Metadata at the source
Introduction
Many organisations organise their documents and datasets at a central network location or database. These resources are usually clustered in organisational units, projects and/or years. Some files and database tables in that central network location contain embedded metadata, such as the name, size, date, author, location etc. This information supports users in understanding the context of the data source. Especially if that data at some point is migrated from its original context.
Sidecar metadata
For those formats which lack embedded metadata, or in order to capture additional metadata aspects, you may consider creating a sidecar
metadata file for every resource. A dedicated metadata file sharing the name of the datasource. This approach is for example common in the ESRI community, where a .shp.xml
is created alongside any .shp
file, which captures relevant metadata elements.
Locate on your local computer or network drive a random shapefile. Does the file have a .shp.xml sidecar file? Else find another shape or tiff file (look for *.shp.xml
). The contents of the xml file may be very minimal, but in most cases at least some processing information and the data model of the shapefile are mentioned.
Through the embedded metadata and sidecar concept, we endorse data scientists to document their data at the source. Since the data producers are often best informed how the data is produced and how it should be used.
Standards and interoperability
For optimal interoperability, it is important to agree within your group on the metadata standard(s) to use in sidecar files. ESRI software for example provides an option to select the model of the metadata as documented in the [arcgis pro documentation]](https://pro.arcgis.com/en/pro-app/latest/help/metadata/create-iso-19115-and-iso-19139-metadata.htm). QGIS has various plugins, such as GeoCat Bridge, to work with various metadata models.
Does your organisation or community endorse a metadata model to describe data sources? Are you aware of tooling which can support you in creation of metadata in this model?
Getting started
Within the geopython community, the pygeometa library provides a metadata format called the metadata control file (MCF). The aim of MCF is ease of use, while providing export options to various metadata models. Many metadata models are based on XML, which makes them quite challenging to read by humans. MCF is based on YAML, a text-based format using indents to group elements. In this workshop we are using the MCF format for its simplicity and natural fit with the use cases. A minimal sample of an MCF is:
mcf:
version: 1.0
metadata:
identifier: 9c36a048-4d28-453f-9373-94c90e101ebe
hierarchylevel: dataset
date: 2023-05-10
identification:
title: My favourite dataset
abstract: A sample dataset record to highlight the options of MCF
...
If you are comfortable with python, consider to try the following experiment.

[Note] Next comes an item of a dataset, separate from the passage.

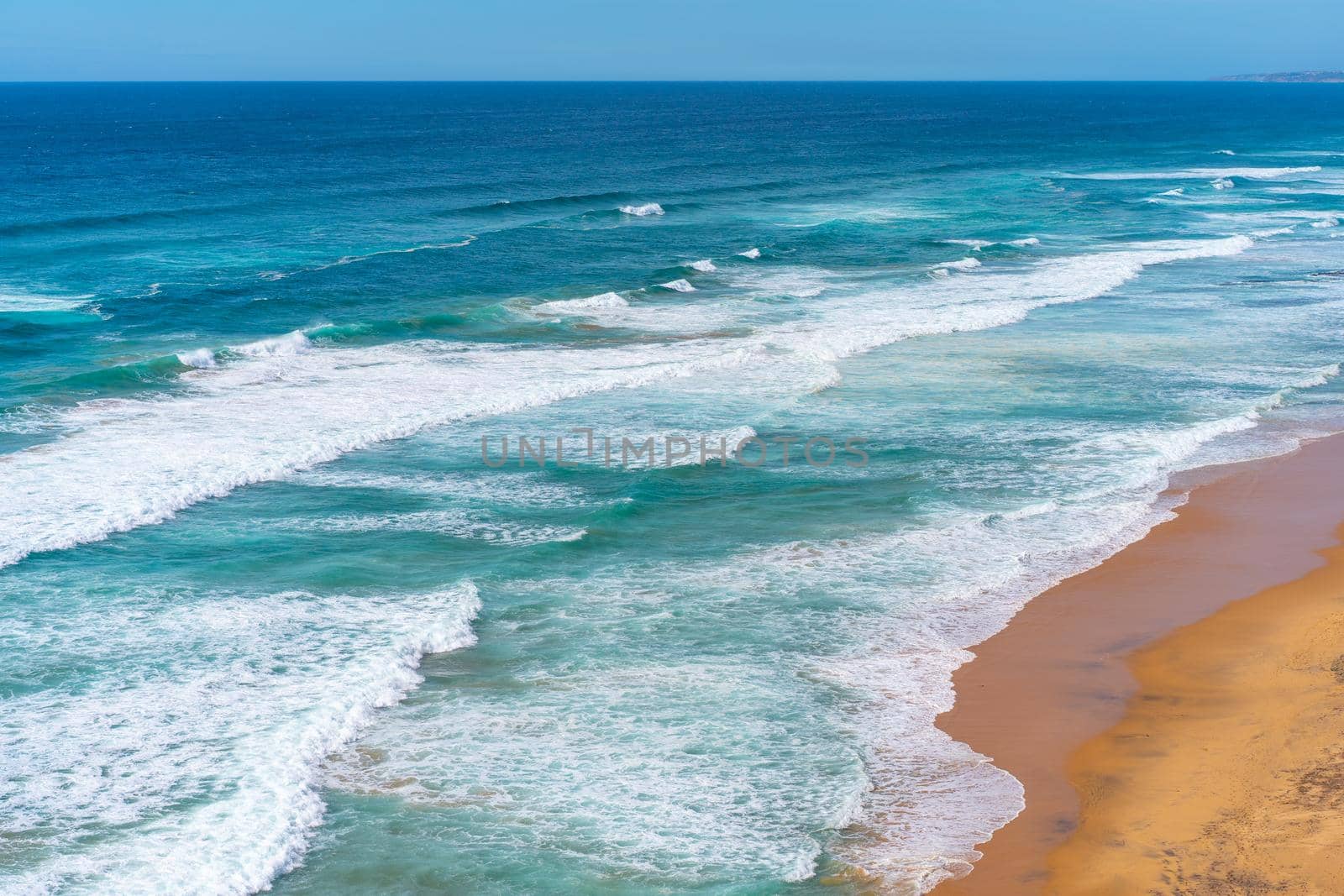 Aerial view of tropical sandy beach and ocean with turquoise water with waves. Sunny day on Atlantic ocean beach in Portugal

Save the above file as md.yml
. Then open a shell and set up a virtual python (or conda) environment, then:
pip install pygeometa
pygeometa metadata info path/to/md.yml
pygeometa metadata generate path/to/md.yml --schema=iso19139 --output=md.xml
Read more about pygeometa at https://geopython.github.io/pygeometa/tutorial/.
When describing a resource, consider which user groups are expected to read the information. This analyses will likely impact the style of writing in the metadata. The UK Geospatial Commission has published some practical recommendations on this topic.

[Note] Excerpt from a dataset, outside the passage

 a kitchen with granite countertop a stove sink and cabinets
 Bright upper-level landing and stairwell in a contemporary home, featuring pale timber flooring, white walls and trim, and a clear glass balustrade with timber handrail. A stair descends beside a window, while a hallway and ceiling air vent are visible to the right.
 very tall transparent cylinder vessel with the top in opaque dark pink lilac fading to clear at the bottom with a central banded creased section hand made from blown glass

When tagging the dataset with keywords, preferably use keywords from controlled vocabularies like Agrovoc, Eurovoc, etc. A benefit of controlled vocabularies is that the term is not ambigue and it can be processed in multiple languages.
MCF editing
MCF documents can be written in a text editor like Visual Studio Code. Consider to install the YAML plugin for instant YAML validation.

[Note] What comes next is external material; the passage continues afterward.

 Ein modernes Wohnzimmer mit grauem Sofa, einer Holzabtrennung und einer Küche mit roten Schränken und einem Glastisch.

Another option to create and update mcf files is via MDME. MDME is a web based software package providing a dynamic metadata edit form. An operational package is available at osgeo.github.io. Notice that if you install the package locally, you can customize the metadata model to your organisational needs.
Imagine a dataset you have recently worked with. Then open mdme and populate the form, describing that dataset. Now save the MCF file so we can later place it in a sample data repository.
Notice that MDME also offers capabilities to export directly as iso19139, it uses a webservice based on the tools used in this workshop.
Summary
In this section, you are introduced to a data management approach which maintains metadata at the location where the datasets are maintained, using a minimal, standards complient approach. You are introduced to the MCF metadata format. In the next section, we will go into more detail on interacting with the MCF format.